This invention relates to the field of oscillating spouts. More particularly, this invention relates to an apparatus and process for controlling the movement of an oscillating spout capable of pivoting about two orthogonal axes, the spout being actuated by two independent driving means in order to move the end of the spout over concentric circles or over a spiral course around a vertical axis.
The method and apparatus of the present invention are well suited for use in conjunction with a charging installation of a shaft furnace. A shaft furnace charging apparatus employing an oscillating distributing spout is disclosed in Luxembourg Patent Application No. 83,280 corresponding to U.S. patent application Ser. Nos. 288,974 and 675,301, now U.S. Pat. Nos. 4,525,120 and 4,547,116, respectively, which are both assigned to the assignee herein and is of the general type to which the present invention is directed. That charging apparatus is generally known in the art as a spout with a cardan-type suspension.
Experiments on a conventional charging device of the type hereinabove described reveal that the layers of material deposited by means of an oscillating spout within the shaft furnace are of uneven thickness. Obviously, if only a single layer of material was utilized, these irregularities in thickness would have no especially damaging effects upon the charging of a shaft furnace. Unfortunately, these irregularities are repeated at the same points for each layer deposited. These points of irregular distribution correspond to certain angular positions of the spout. Thus, the respective uneven layers exhibit a cumulative effect which result in a saddle-shaped charging level. It has also been found that this defect is not peculiar to the apparatus disclosed in the aformentioned Luxembourg patent application; rather, it occurs to a greater or lesser extent in all charging apparatus having a spout suspension system of the cardan-type, regardless of the particular driving and control means used.

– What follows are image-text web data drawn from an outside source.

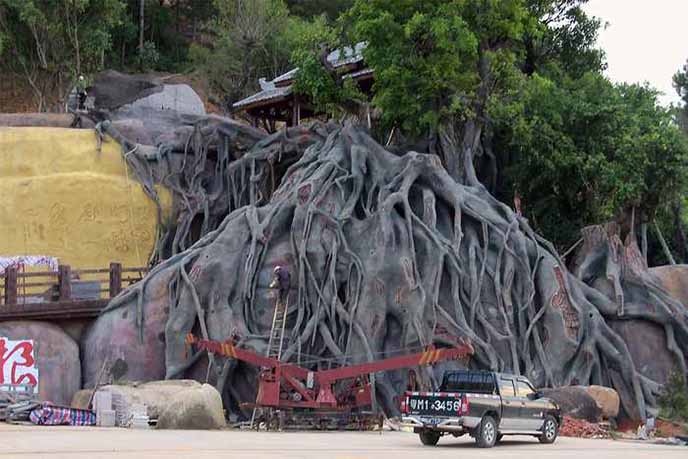 十米以上仿真榕樹制作方法及注意事項－淡水河谷經(jīng)驗談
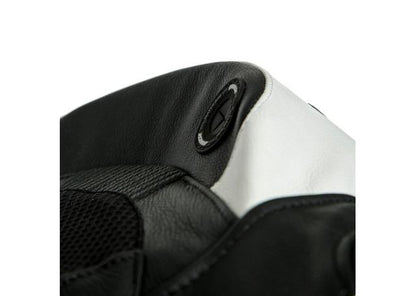 DAINESE LAGUNA SECA 5 1PC PERFORATED SUIT BLACK WHITE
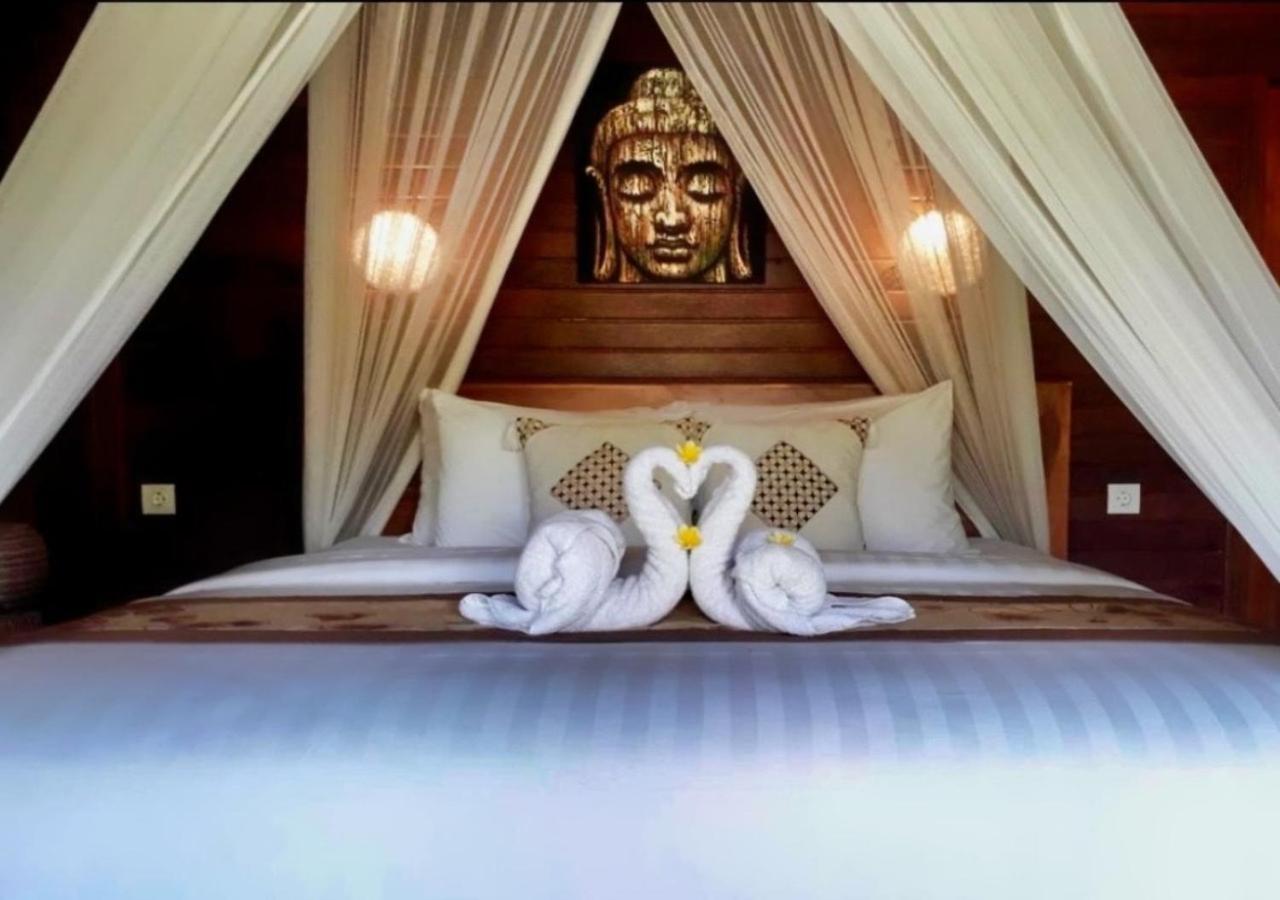 Island Garden Huts Lembongan Bed & Breakfast Luaran gambar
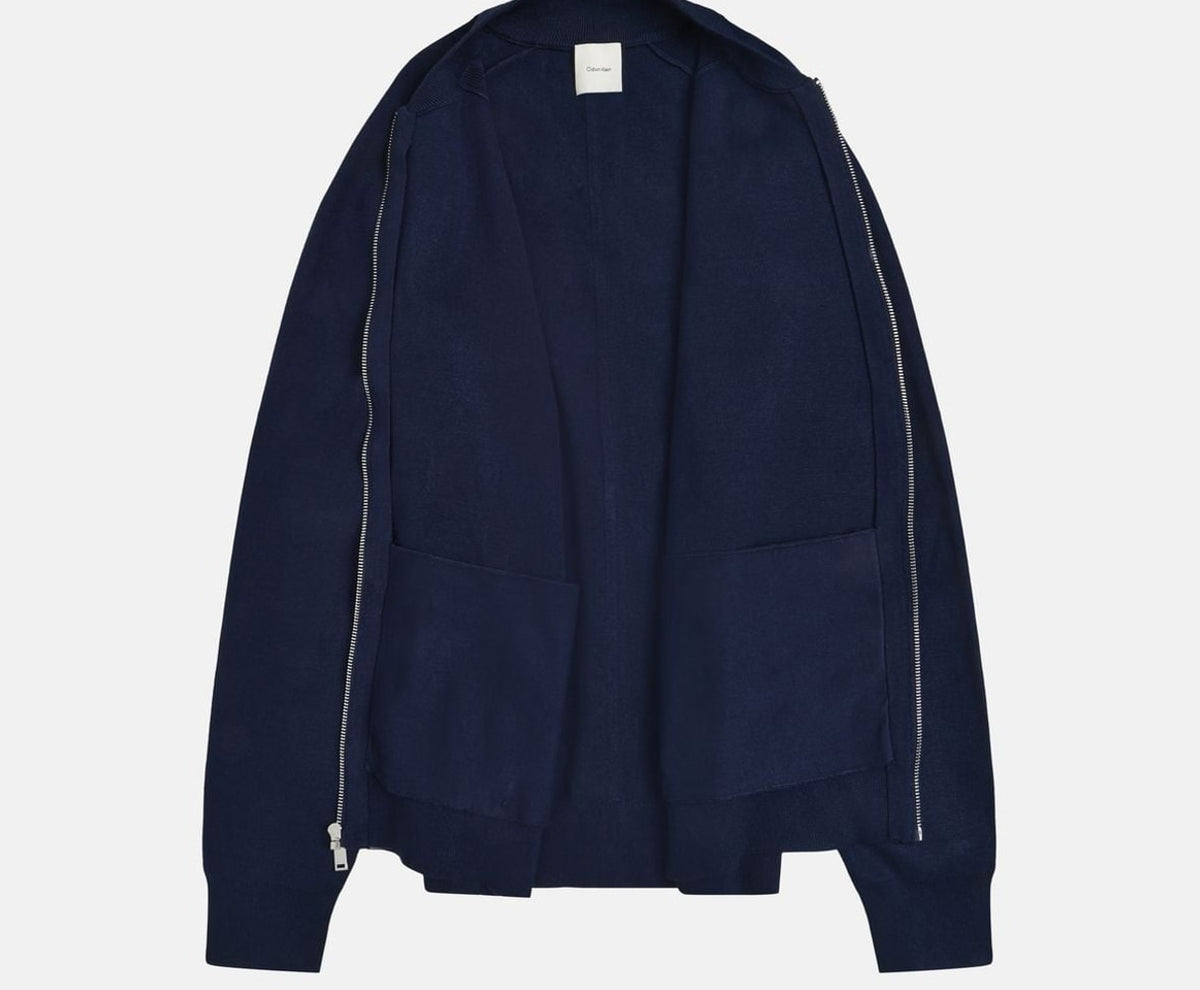 Calvin Klein Cardigan Blue – abbigliamento, blu
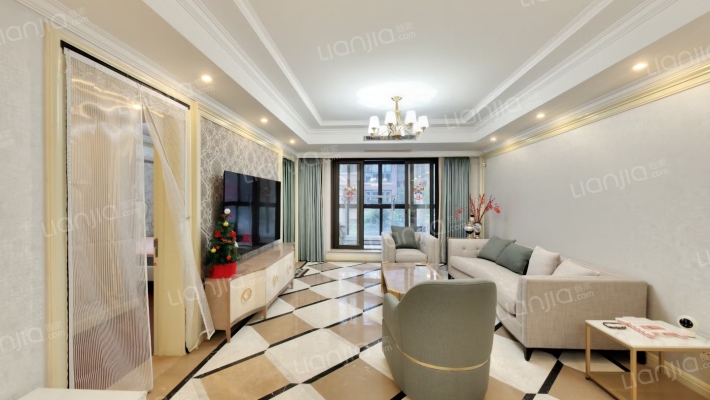 九龙仓时代上城二手房实景图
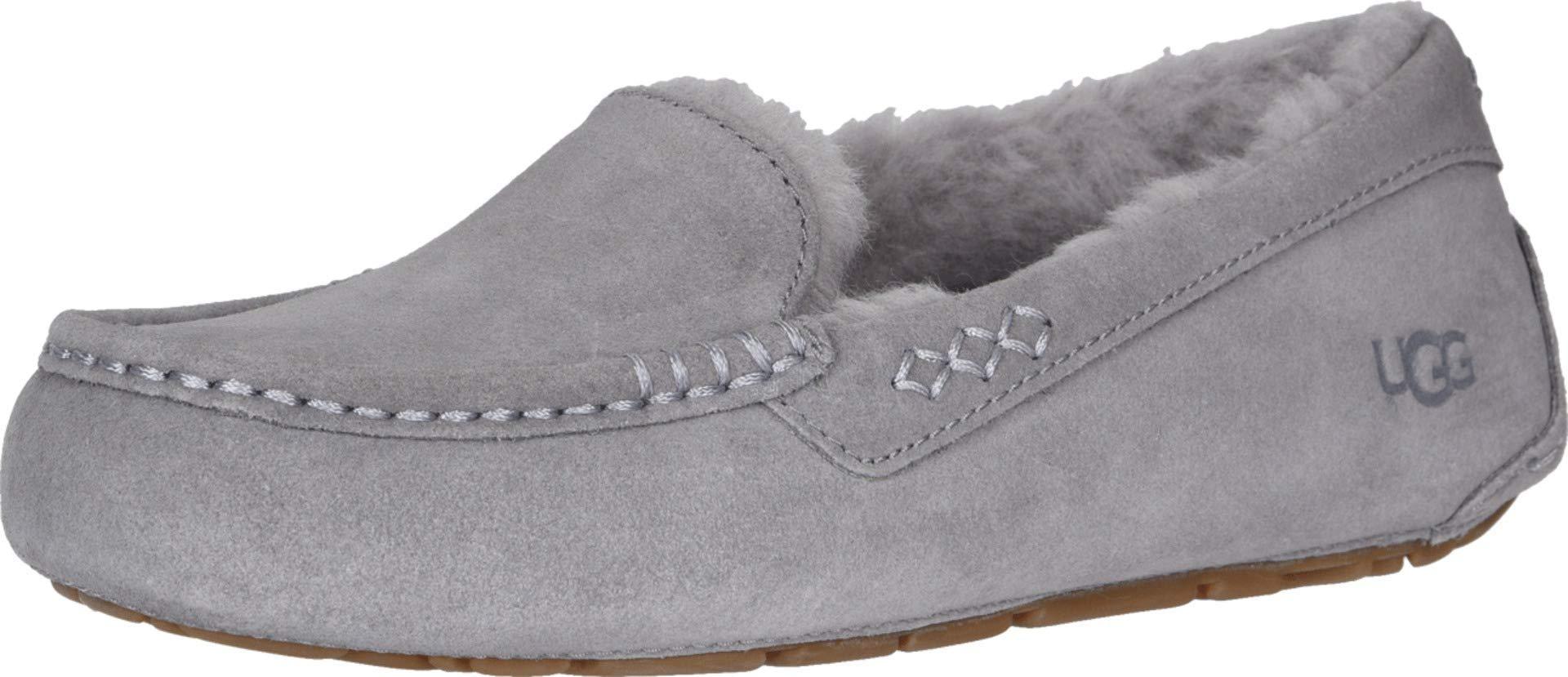 UGG Suede Ansley in Grey (Gray) - Save 41% - Lyst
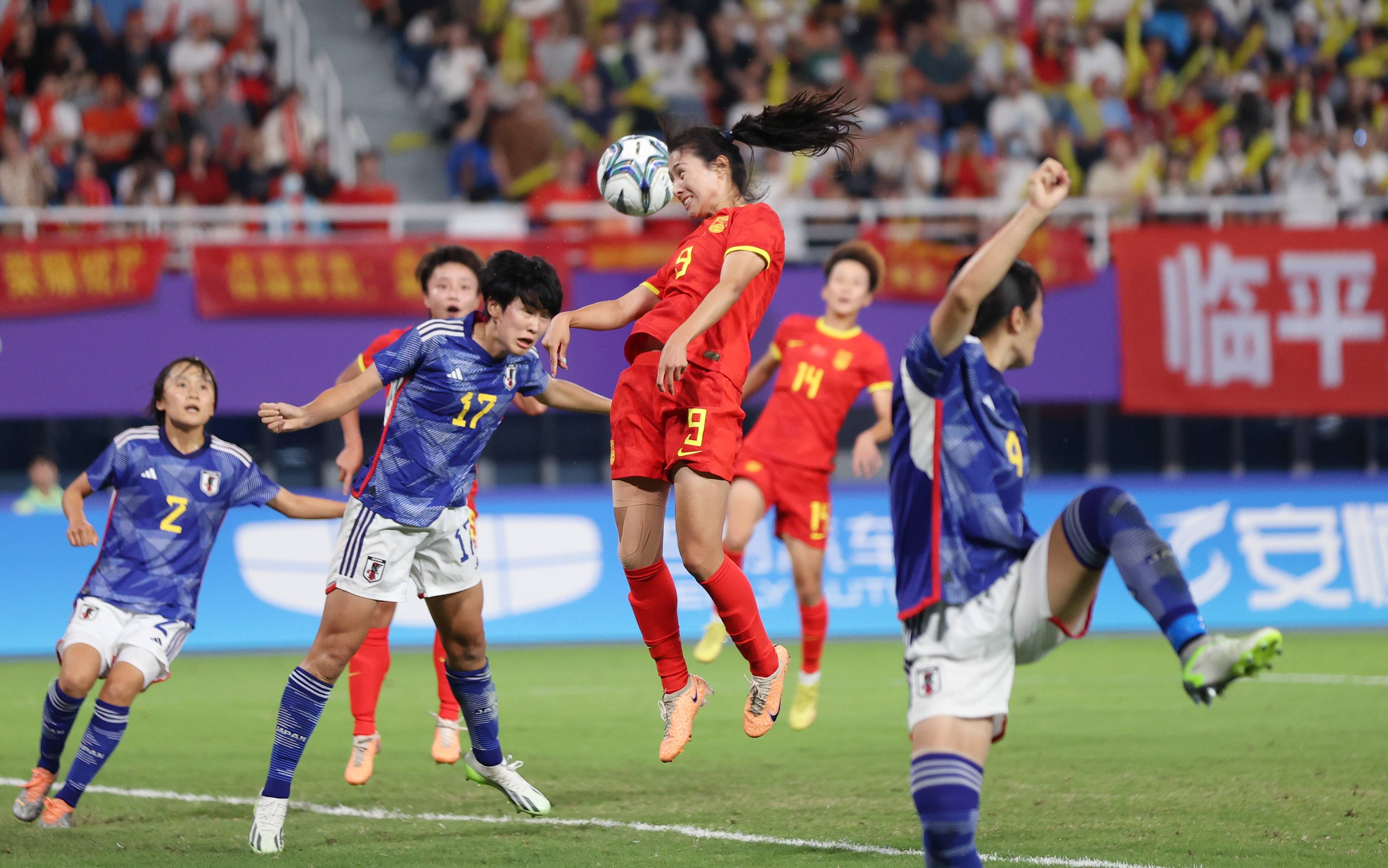 中國女足復刻男足同款丟球,錯失絕平憾負日本,對手平均年齡21.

The uneven charging thickness occurs because cardan-type distributing spouts undergo slight but nevertheless perceptible pivoting movements about their longitudinal axis at certain diametrically opposed points in the course of each revolution. When this pivoting movement starts, there is a reduction in friction effects between the charge material and the spout and also within the charge material, as the charge passes through the spout. Thus, the speed of fall of the material increases. In other words, the onset of the pivoting movement causes the material to reach its fall or impact point more quickly; and the thickness of the deposited layer increases in the places where the fall or impact point occurs corresponding to the angular position which the spout occupies when the pivoting movement takes place. Similarly, the opposite effect is produced at the end of the pivoting movement of the spout, i.e., the friction effects within the spout once again increases, thus leading to a reduction in the thickness of the layer deposited at the corresponding fall or impact point of the material.